In the case of Albania, the enlargement instruments have been primarily focused on the justice reform, therefore, it gives the opportunity to go beyond the simply adoption of the acquis communautaire and of the capacity building approach (i.e. the formal establishment of new structures and institutions). This Policy Brief aims to draw some lessons from the implementation of the justice reform in Albania, which also allows to build a coherent body of knowledge that will assist to better plan, implement, monitor and maintain a sustainable institutional reform dynamic all over the Western Balkans region.
* This Policy Brief is inspired by and draws its reflections based on CDI’s previous research conducted in the framework of ALBE initiative focused on Justice Reform and Enlargement.
- The political will of the domestic political elites – or the lack of it – should be taken into account when initiating such deep reform(s) because it is a precondition for an efficient implementation of the required changes and results.
- The good governance features should apply to the newly established judicial institutions and structures. Their implementation is crucial in determining the outputs and the long-term impact of the reform.

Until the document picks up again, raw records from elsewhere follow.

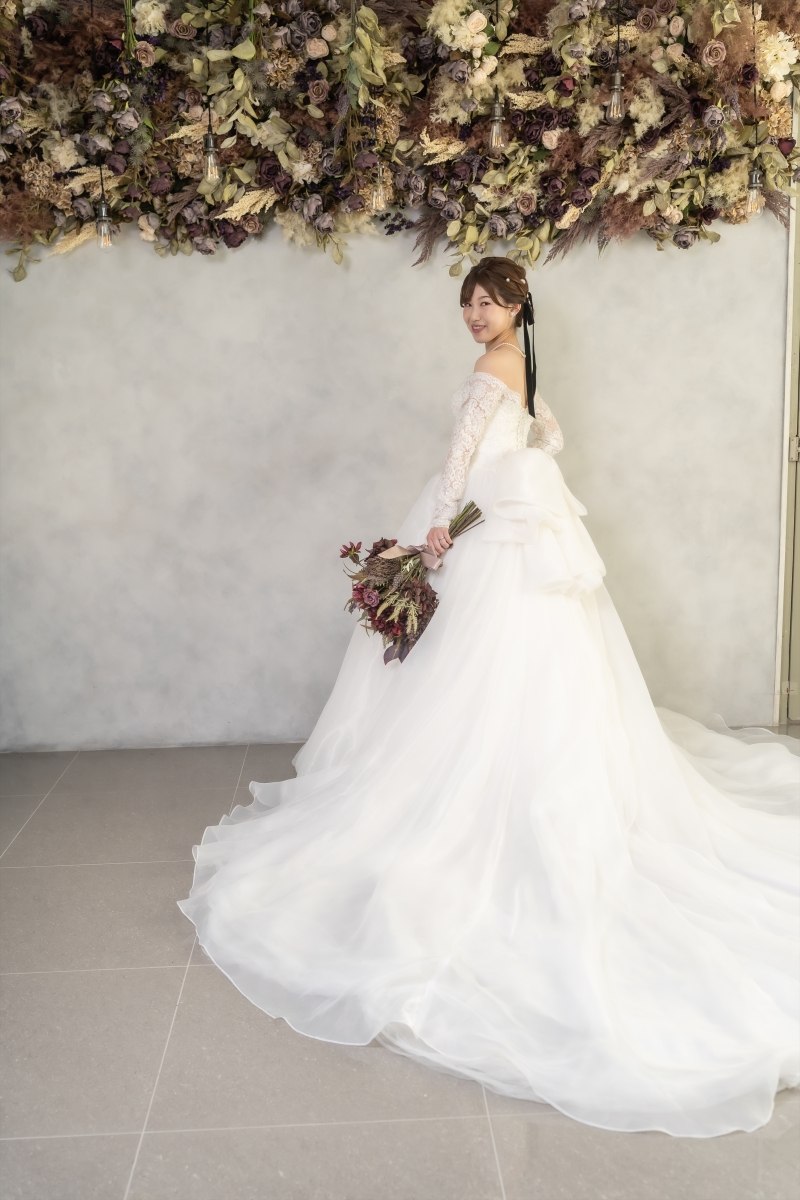 長いトレーンに宿る凛とした品格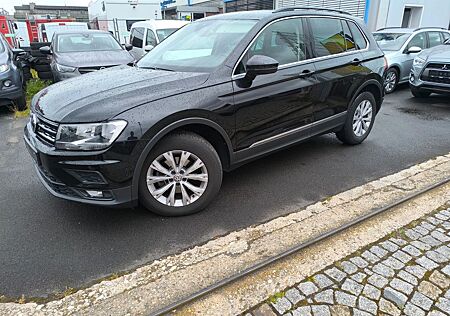 VW Tiguan Volkswagen 2.0 TDI SCR DSG Comfortline, NAVi, AHK.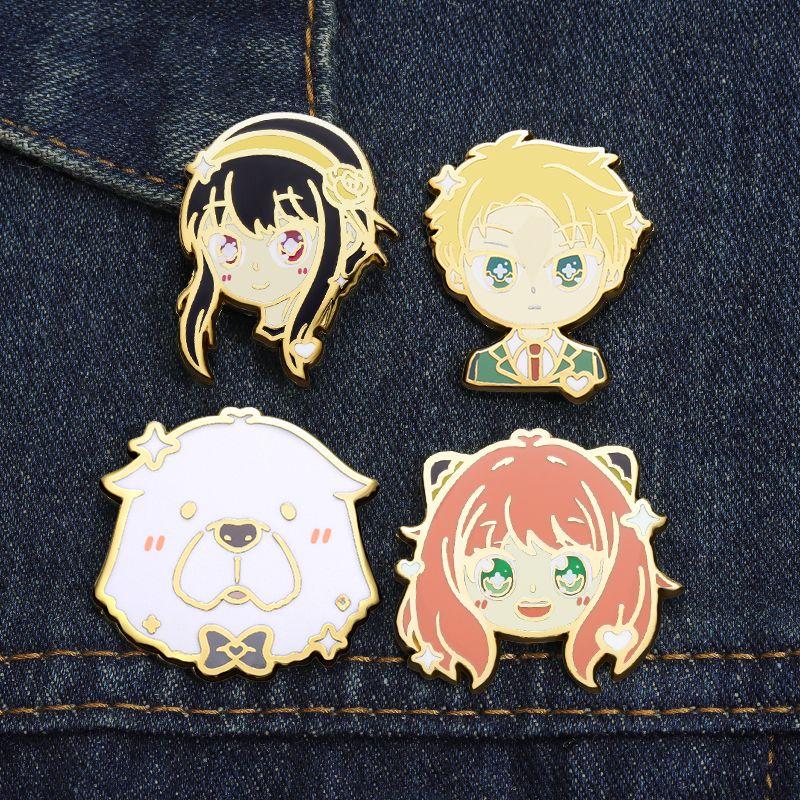 Spy X Family Japanese-style Enamel Pin, Delicate Character Depicting Loid, Yor, and Anya, Cute Backpack Accessory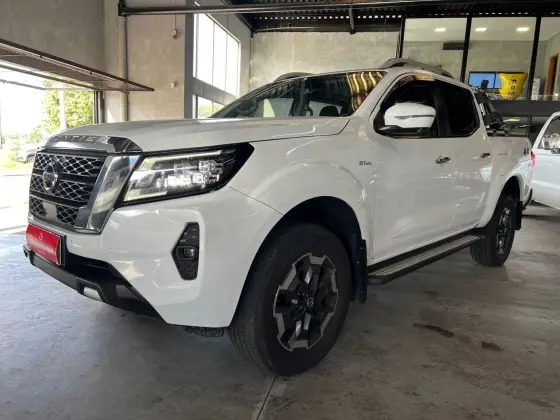 NISSAN FRONTIER 2.3 16V TURBO DIESEL PLATINUM CD 4X4 AUTOMÁTICO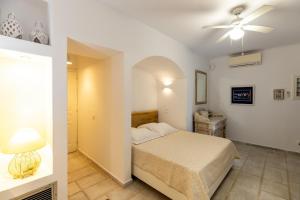 Postel nebo postele na pokoji v ubytování Mykonos Psarou Place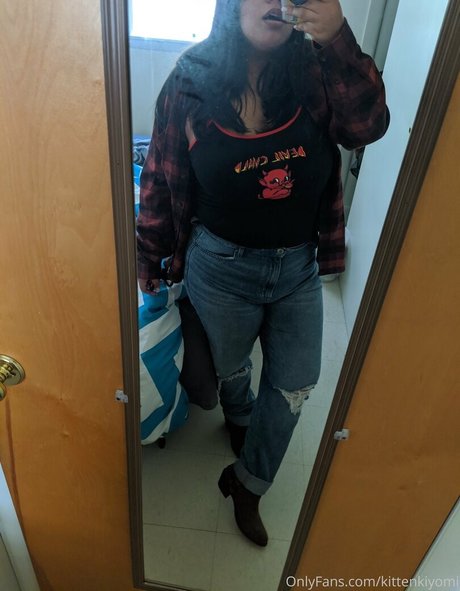 kittenkiyomi modèle hd galerie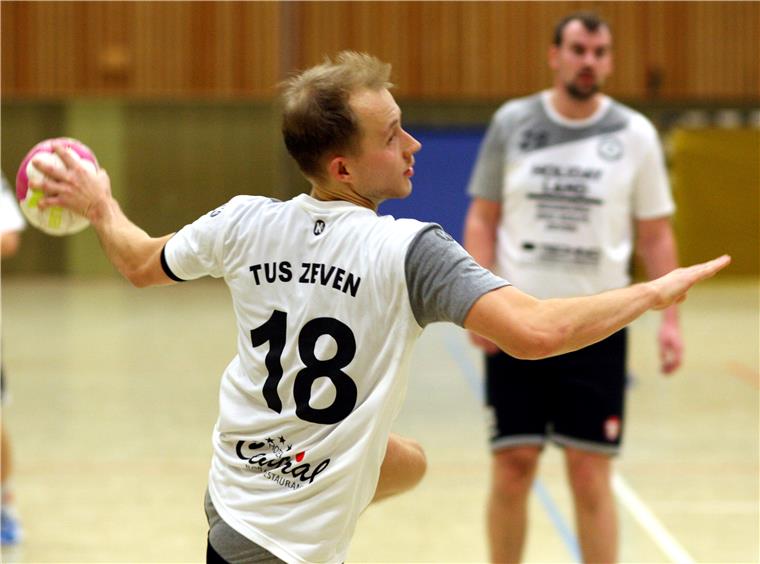 Zevens Handballer können Ausfälle nicht ersetzen Marc Ußkurat und seine Zevener Teamkollegen reisten stark ersatzgeschwächt zum Auswärtsspiel nach Bruchhausen-Vilsen und kassierten eine denkbar unglückliche 32:33-Niederlage.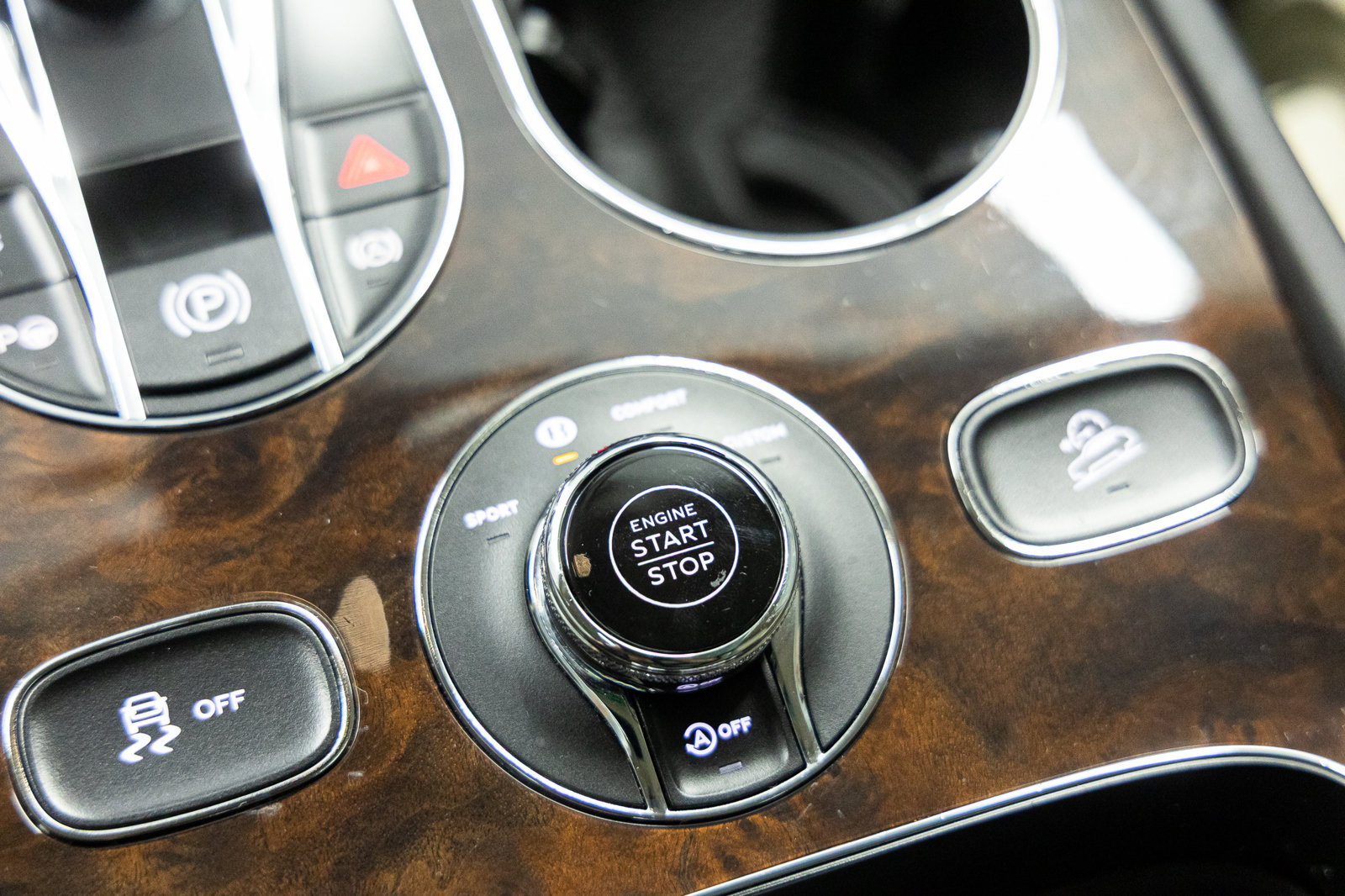 Certified 2023 Bentley Bentayga AWD/4WD image 46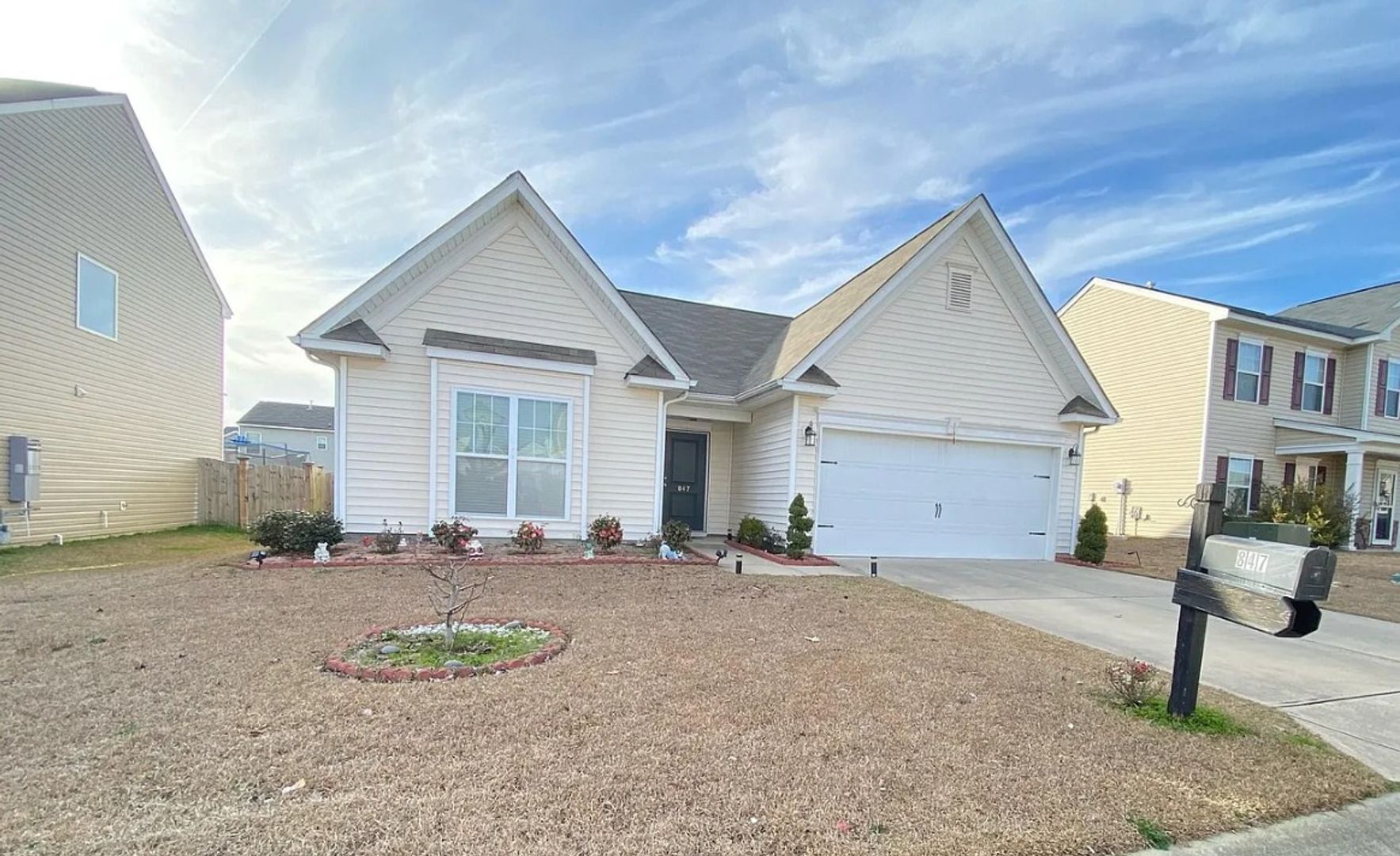 Lexington House: 847 Dovefield Ln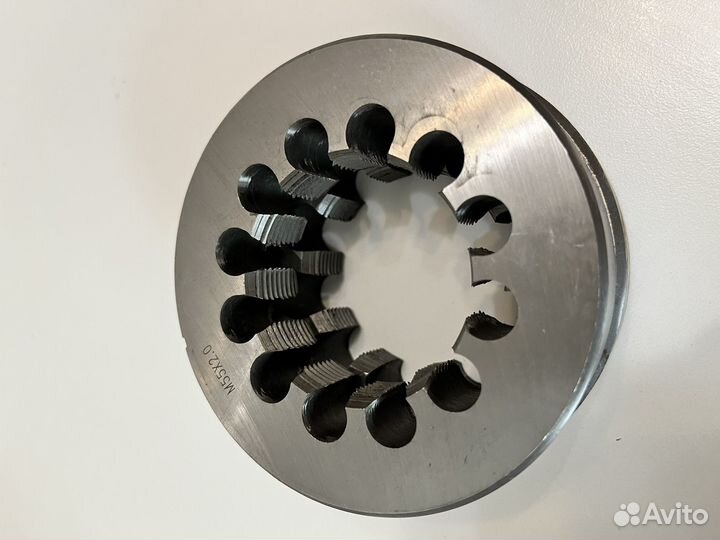 Плашка М55х2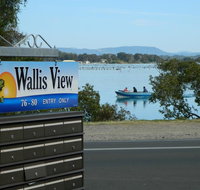 26 Wallis View - Opposite the Lake - 3 Bedroom Apartment - Sleeps 8 - Accommodation Sunshine Coast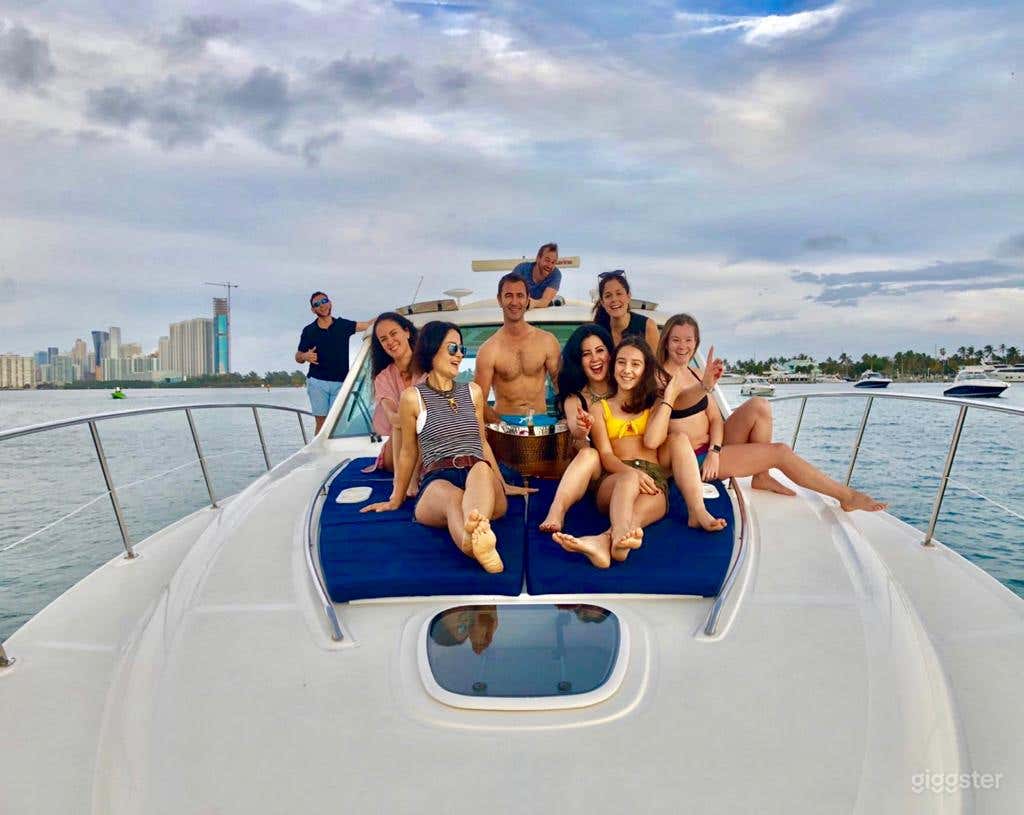 Spectacular 44FT SEA RAY Party Yacht Space Events Photo 2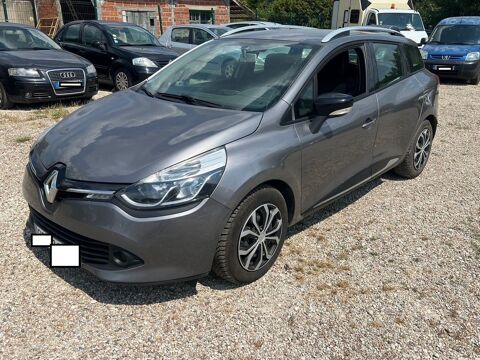 Annonce voiture Renault Clio IV Estate 3290 €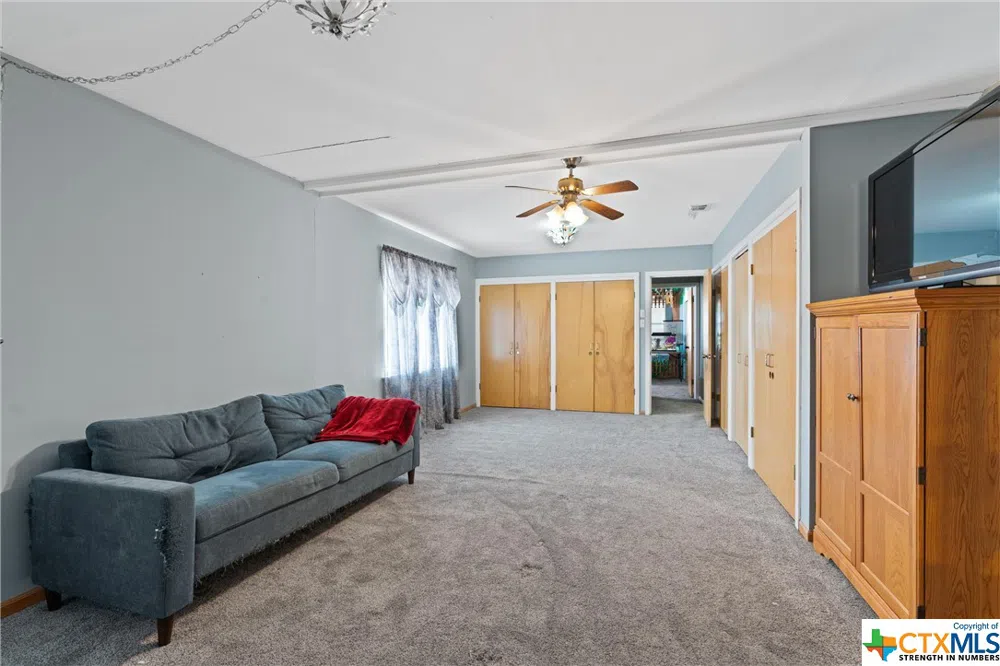 323 County Road 450 Thorndale, TX 76577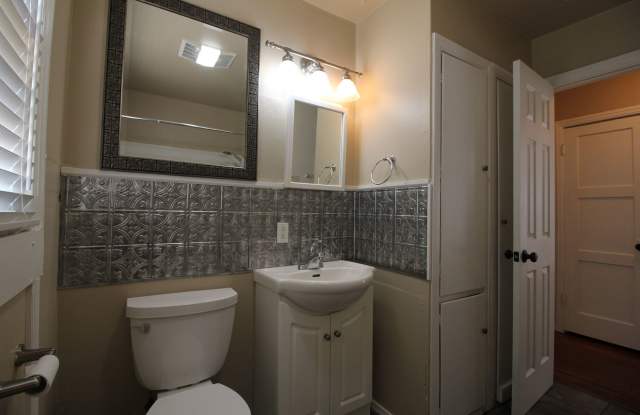 2317 32nd Street, Ready for move in! photos photos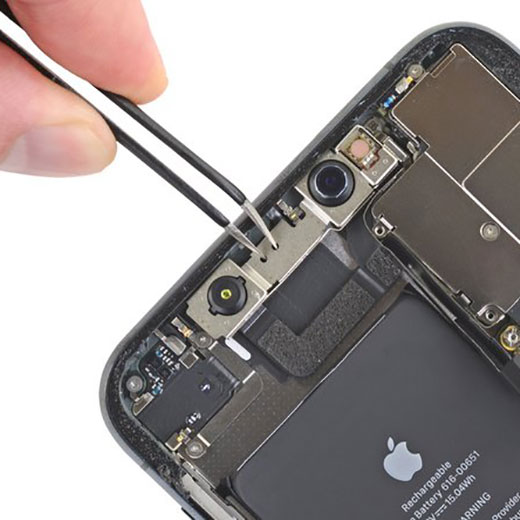 Замена фронтальной камеры iPhone 11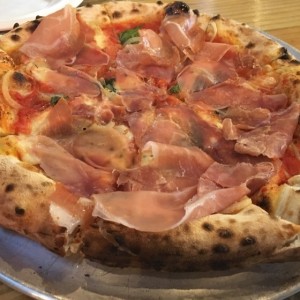 pizza margarita con jamon serrano 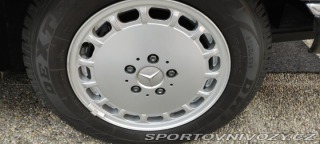 Mercedes-Benz SL R107 560 1986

- The citizens, who are the main beneficiaries of the reform, should be involved throughout the whole process from the design of the reform to its implementation and operation. Thus, there is a need to prepare information in a way that makes it easier for citizens to understand and to create external mechanisms such as involving representatives of civil society, academia or bar associations to monitor the strategic action plans of the new justice institutions.